1000 years in a nutshell

 
'Hales' or 'Halas' entry in the Domesday Book
Around 1000AD, Oldbury, Langley and Warley were small hamlets in the northernmost part of the Manor of Hales in Worcestershire. With the arrival of the Normans in 1066, most of the manor of Halesowen was given by William I to Roger Montgomery, Earl of Shrewsbury, and transferred to Shropshire, where most of his lands were held. About half of the lands of Warley, however, were granted to William FitzAnsculf, whose base was at Dudley, and this remained in Worcestershire (Warley Wigorn). The remainder of Warley (Warley Salop) went into Shropshire with the rest of the manor.

Hales Manor remained in the hands of Earl Roger's descendants until 1102, when Robert de Belesme led an unsuccessful rising against Henry I, and the manor was confiscated by the crown. In 1177, Henry II gave it to his brother-in-law, David ap Owen, Prince of Wales, and it became 'Hales Owen'. It reverted to the crown on his death, and ten years later King John granted it to the Bishop of Worcester to found a religious house.

Ruins of Halesowen Abbey from sketch by Elizabeth Reynolds in 1834 [in Sandwell Community History and Archives]

The first 'White Friars', or Presmonstratensian Canons, arrived on 6th May 1216, and Oldbury, like the rest of Hales Owen manor, came under monastic rule. Hales Owen Abbey was not a large establishment, but the relationship between the Abbot and the people of the manor was often strained. The 'manor rolls' provide an insight to life in the thirteenth and fourteenth centuries. Various watermills and chapels in Oldbury are mentioned, and also the five open fields that surrounded Oldbury. During the Black Death of the 1340s the population of the manor was reduced by about a third.

The parish church was St John's, Halesowen, and it remained such until the 1840s, when the parish of Oldbury-cum-Langley was created. Because of the distance from Oldbury to the church, the people of Oldbury built a small chapel in 1529.

Sir John Dudley
Sir John Dudley

By 1538 Henry VIII was suppressing and destroying monasteries throughout the country, and the Abbot of Hales surrendered the Abbey to the King.
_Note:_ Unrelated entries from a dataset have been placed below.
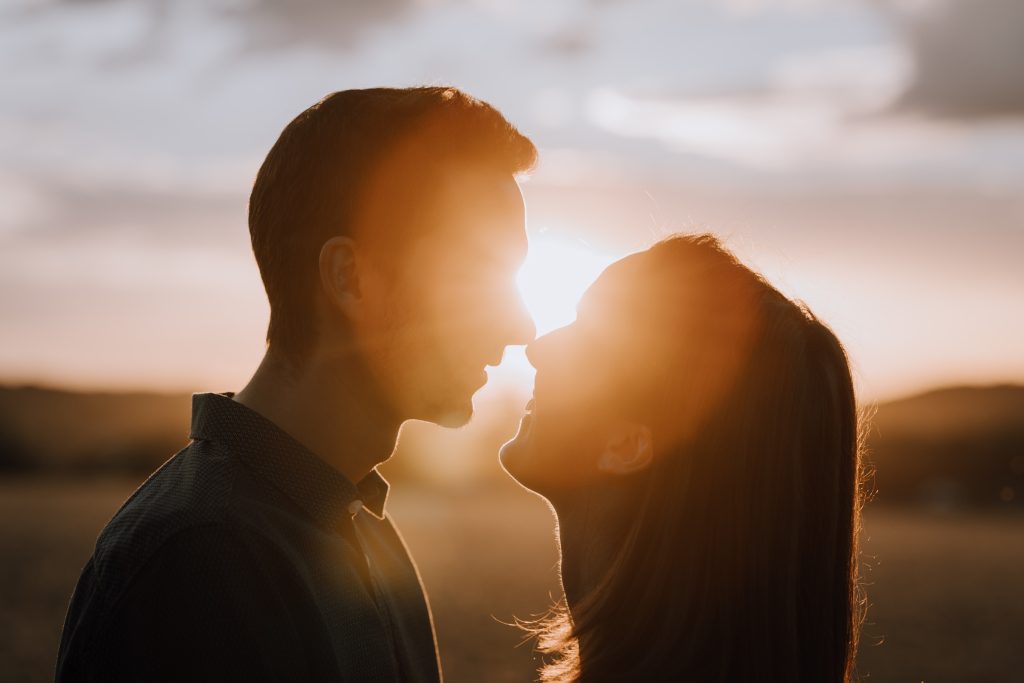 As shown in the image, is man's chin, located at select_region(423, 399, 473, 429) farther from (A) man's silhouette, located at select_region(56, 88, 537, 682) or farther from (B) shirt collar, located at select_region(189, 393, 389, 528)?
(B) shirt collar, located at select_region(189, 393, 389, 528)

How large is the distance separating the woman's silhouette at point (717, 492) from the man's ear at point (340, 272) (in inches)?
35.3

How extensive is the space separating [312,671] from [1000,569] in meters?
47.5

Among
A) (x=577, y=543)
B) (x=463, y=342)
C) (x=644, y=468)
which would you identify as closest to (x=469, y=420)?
(x=463, y=342)

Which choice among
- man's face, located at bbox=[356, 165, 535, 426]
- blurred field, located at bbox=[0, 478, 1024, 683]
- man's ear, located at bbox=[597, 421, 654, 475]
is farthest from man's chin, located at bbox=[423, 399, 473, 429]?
blurred field, located at bbox=[0, 478, 1024, 683]

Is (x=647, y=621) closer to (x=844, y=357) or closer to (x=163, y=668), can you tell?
(x=844, y=357)

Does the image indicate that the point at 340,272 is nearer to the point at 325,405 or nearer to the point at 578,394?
the point at 325,405

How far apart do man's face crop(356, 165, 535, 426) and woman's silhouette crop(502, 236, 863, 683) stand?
69 cm

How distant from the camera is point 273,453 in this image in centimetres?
315

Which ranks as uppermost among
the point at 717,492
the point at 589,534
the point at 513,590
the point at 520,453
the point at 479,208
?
the point at 479,208

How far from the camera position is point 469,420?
13.3 feet

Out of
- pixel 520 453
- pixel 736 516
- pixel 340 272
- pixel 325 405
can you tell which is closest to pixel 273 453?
pixel 325 405

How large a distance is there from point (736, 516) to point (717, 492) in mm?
89

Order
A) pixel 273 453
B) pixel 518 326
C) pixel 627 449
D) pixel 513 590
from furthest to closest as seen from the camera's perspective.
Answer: pixel 513 590 → pixel 518 326 → pixel 627 449 → pixel 273 453

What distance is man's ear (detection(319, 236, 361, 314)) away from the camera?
11.5 feet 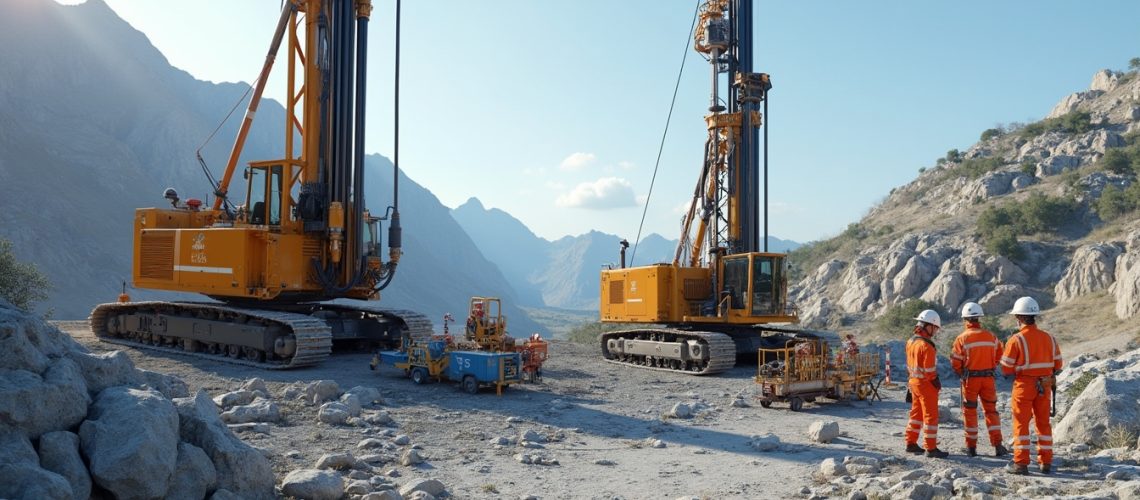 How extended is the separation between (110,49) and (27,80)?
913 inches

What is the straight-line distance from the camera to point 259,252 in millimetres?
16453

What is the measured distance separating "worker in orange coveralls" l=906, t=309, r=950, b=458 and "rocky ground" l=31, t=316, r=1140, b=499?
0.25 metres

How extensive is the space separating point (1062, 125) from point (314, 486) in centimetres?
5122

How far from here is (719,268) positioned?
19594mm

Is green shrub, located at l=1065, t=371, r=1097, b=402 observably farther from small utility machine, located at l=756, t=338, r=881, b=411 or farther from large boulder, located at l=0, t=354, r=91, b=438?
large boulder, located at l=0, t=354, r=91, b=438

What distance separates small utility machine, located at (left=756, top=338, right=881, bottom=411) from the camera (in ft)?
42.2

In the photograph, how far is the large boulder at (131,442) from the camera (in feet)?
18.7

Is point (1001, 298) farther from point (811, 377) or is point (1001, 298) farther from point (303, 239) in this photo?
point (303, 239)

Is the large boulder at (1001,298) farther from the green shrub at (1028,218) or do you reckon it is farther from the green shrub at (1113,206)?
the green shrub at (1113,206)

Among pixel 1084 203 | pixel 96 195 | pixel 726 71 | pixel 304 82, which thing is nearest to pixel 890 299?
pixel 1084 203

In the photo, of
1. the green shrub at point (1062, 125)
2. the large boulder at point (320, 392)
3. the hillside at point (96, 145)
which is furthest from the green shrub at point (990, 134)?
the hillside at point (96, 145)

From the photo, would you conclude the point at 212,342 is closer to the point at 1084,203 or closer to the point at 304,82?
the point at 304,82

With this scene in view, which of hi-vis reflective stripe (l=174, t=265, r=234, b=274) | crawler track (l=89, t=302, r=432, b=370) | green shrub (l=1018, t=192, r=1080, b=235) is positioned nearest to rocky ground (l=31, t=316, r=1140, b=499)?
crawler track (l=89, t=302, r=432, b=370)

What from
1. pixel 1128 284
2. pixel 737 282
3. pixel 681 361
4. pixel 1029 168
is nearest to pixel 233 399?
pixel 681 361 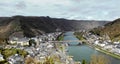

The Manor of Hales was given to Sir John Dudley, later the Earl of Warwick and Lord Northumberland. In 1553 he tried to install Lady Jane Grey as Queen, but the plot failed and he was executed. The manor was confiscated, but released to his widow. Two years later his son, Sir Robert Dudley, sold most of the manor and, soon after, it came into the Lyttleton family. However, Sir Robert retained " such parte, parcelles and members of the premysses as be and do lye in Oldbury and Walloxhall alias Langley Walloxhall ". Thus, the separate Manor of 'Oldbury Walloxhall, alias Langley Walloxhall alias Langley and Walloxhall' came into being.

The Manor of Oldbury passed through several families as Lords of the Manor, including Cornwallis, Featherstone, Grimshaw, Wright, Parrott and Allen-Frazer. The lands were gradually sold off, and the Manor Court ceased to operate in the early twentieth century. Oldbury was a small country town occupied by smallholders and nailers in the seventeenth century.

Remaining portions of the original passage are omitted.